As Várias Abordagens no Budismo (Parte II)

O Caminho Vajraiana: Abordagem não analítica

Textos Essenciais: Textos em geral de Dudjom Rinpoche e Dilgo Khyentse Rinpoche; o “Livro Tibetano do Viver e do Morrer”, de Sogyal Rinpoche; “O Soberano Supremo”; “You are the Eyes of The World” de Longchenpa; textos do Dudjom Tersar Nongdro; “A Iluminação da Sabedoria Primordial”, de Dudjom Rinpoche e Gyatrul Rinpoche.

Com toda essa explicação, parece que chegamos ao fim uma vez que fechamos um ciclo. Mas na verdade, não é bem assim. Nós fechamos esse ciclo, porém até aqui nós usamos um método analítico, um processo de sabedoria, ou seja, nós confiamos em nosso discernimento como instrumento. Dentro de um processo de sabedoria, nós fizemos o círculo completo, mas esse não é o único método. E assim, dentro do Budismo, surgem os ensinamentos Vajrayana. Isso corresponderia ao surgimento das deidades. A prática do Vajrayana, dentro da estrutura budista, seria reconhecida, inicialmente, como Vajrayana Mahayana ou Mahayana Vajrayana.

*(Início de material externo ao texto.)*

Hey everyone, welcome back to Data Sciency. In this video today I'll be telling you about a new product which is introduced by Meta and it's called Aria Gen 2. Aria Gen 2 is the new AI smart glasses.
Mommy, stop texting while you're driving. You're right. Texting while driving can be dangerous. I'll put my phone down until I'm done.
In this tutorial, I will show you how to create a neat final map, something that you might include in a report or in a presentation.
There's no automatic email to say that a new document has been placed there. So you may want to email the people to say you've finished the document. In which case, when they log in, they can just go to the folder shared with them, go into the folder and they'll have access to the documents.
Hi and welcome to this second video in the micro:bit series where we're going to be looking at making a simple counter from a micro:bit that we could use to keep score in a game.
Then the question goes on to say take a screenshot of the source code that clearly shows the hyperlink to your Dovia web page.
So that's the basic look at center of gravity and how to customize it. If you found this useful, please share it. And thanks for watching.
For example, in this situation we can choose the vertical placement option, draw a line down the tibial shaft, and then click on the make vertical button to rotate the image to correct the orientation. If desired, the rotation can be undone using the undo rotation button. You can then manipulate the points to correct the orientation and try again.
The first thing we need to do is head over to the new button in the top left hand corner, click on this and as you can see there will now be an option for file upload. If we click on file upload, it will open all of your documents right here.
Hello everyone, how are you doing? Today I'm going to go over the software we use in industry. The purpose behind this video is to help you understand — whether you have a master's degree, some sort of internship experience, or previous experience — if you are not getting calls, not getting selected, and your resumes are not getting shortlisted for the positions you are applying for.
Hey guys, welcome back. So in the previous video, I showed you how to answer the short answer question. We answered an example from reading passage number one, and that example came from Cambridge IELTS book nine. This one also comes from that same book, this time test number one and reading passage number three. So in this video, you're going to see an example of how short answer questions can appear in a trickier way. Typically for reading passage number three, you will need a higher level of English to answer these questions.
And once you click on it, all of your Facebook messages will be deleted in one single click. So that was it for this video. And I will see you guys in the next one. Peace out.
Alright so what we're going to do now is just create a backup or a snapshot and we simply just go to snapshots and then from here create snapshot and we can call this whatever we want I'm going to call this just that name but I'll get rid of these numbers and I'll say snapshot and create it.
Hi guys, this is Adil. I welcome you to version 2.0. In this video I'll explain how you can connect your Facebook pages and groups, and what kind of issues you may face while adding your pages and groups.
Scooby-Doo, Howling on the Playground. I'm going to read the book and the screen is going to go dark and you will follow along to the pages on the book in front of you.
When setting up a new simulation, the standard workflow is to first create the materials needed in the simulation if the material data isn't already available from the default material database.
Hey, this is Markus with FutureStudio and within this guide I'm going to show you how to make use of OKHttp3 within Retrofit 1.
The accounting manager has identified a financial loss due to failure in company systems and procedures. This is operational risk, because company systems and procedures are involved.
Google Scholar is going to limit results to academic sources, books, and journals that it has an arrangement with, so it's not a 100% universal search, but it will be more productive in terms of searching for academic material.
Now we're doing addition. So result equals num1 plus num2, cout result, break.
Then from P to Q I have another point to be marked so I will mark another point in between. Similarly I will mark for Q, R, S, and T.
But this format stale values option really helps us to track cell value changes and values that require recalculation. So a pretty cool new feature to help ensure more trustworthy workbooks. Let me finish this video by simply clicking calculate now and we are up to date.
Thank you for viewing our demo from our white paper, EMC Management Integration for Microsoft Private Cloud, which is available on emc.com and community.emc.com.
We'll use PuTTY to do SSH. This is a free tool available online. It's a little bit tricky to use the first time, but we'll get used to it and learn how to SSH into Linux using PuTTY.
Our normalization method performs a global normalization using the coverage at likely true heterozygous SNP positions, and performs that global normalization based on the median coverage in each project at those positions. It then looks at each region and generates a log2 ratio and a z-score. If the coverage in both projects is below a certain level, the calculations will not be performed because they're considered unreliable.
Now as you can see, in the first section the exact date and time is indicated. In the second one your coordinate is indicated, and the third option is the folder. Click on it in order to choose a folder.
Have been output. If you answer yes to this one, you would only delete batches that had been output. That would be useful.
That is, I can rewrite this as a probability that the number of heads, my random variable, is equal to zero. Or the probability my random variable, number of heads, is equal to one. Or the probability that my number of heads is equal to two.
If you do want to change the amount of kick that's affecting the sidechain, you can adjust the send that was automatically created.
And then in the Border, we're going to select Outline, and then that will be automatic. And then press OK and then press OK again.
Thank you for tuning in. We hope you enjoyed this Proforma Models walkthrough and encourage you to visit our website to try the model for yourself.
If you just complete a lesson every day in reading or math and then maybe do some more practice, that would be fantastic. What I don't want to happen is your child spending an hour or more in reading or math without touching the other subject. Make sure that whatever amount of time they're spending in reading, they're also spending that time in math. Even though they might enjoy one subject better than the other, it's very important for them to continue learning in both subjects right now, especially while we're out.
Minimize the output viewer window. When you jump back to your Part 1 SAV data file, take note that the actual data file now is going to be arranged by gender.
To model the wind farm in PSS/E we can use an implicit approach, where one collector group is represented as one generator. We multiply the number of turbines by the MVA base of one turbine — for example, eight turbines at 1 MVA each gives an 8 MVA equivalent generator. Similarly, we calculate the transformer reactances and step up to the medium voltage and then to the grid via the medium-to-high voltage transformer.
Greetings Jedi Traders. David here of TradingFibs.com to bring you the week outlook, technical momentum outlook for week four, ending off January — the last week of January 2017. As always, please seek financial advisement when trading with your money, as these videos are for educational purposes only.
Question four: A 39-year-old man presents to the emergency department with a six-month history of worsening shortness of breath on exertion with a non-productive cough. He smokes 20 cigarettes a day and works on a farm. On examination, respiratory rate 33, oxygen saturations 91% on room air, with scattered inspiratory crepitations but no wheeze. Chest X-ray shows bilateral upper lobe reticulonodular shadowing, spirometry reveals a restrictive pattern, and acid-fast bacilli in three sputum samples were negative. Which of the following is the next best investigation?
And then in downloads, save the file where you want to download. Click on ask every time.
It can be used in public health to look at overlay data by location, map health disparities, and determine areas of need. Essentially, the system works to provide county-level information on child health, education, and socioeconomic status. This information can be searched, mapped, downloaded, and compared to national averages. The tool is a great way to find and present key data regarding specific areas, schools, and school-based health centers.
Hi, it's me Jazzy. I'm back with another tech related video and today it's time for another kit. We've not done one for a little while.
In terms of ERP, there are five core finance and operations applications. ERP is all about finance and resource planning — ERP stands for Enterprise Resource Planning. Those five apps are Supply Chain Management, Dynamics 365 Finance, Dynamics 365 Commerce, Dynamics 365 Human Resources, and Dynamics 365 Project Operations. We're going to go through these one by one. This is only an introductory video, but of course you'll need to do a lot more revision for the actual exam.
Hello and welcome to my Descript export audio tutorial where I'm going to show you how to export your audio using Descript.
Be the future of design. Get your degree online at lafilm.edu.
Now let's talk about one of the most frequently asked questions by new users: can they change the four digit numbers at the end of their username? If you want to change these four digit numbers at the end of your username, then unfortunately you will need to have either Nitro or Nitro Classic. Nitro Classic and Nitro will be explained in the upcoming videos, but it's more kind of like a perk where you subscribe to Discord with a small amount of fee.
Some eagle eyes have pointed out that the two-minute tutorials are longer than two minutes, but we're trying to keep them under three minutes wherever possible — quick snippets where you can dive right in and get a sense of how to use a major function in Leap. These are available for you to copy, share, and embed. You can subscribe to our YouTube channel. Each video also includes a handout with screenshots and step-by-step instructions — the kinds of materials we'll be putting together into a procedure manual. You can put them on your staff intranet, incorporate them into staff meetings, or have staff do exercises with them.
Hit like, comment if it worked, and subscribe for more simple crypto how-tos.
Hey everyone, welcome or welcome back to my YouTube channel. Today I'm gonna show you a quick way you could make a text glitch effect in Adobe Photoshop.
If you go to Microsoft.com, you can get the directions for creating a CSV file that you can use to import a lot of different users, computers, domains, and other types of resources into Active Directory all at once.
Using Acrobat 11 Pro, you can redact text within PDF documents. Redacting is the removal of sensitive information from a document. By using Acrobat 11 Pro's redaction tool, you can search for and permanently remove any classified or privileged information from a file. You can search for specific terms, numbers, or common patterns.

Isso significa que o caminho tem início com o “Bom coração” e vai até a terceira abordagem, na qual nós encontramos o Mahayana e nele descobrimos a “Compaixão”. Ao entrarmos na quarta abordagem, nós vamos estudar a “vacuidade”, e nesse ponto, surge uma derivação, como se o caminho se dividisse em dois. É possível estudar a vacuidade da forma como foi visto até agora ou nós podemos entrar diretamente na prática de visualização das deidades, recitação de mantras, práticas dos mudras e das sadanas. Nessas formas de prática, a vacuidade vai estar presente não na forma de sabedoria ou de um processo analítico, mas através de um processo mágico.

Todas essas práticas, como por exemplo, as prostrações diante das deidades, surtem efeitos. Vamos supor que nós entremos em uma igreja cristã e, no altar, nós nos prostremos completamente diante de Jesus Cristo ou da Virgem Maria. É certo que a partir disso alguma coisa vai acontecer. Esse é o princípio pelo qual são criadas as deidades e nós começamos a praticar. Uma forma completamente adequada para iniciar a prática seria a visualização do campo de méritos. Para isso nós dizemos:

“Neste momento, eu estou diante do Buda, de Guru Rinpoche e de todos os mestres que vieram antes deles até o Buda Primordial. Eu estou diante de todos os mestres das linhagens antigas, diante de todos os Bodisatvas, de todos os seres de sabedoria que, vida após vida, têm se dedicado a trazer benefício aos seres. Eu estou diante dos Arhats, os seres que atingiram a perfeição da ação não violenta, da não agressão no mundo, os seres que purificaram todas as suas ações negativas. Eu compreendo que todas essas deidades surgem como expressão da Natureza Ilimitada que busca socorrer todos os seres. Neste momento, em contato visual com esse campo de méritos, eu me prostro completamente diante de todos e de cada um, reconhecendo a minha limitação, reconhecendo que ao longo de muitas vidas eu tenho praticado de forma intuitiva e aleatória sem atingir resultados efetivos. Portanto, eu me refugio no campo das deidades, tomo refúgio direto nos seres de sabedoria, e assim eu sigo de agora em diante. E não só eu estou perdido, mas todas as pessoas que eu amo, amigos e inimigos. Todos nós estamos perdidos. Assim sendo, todos esses seres se prostram junto comigo diante dos seres de sabedoria e compaixão.”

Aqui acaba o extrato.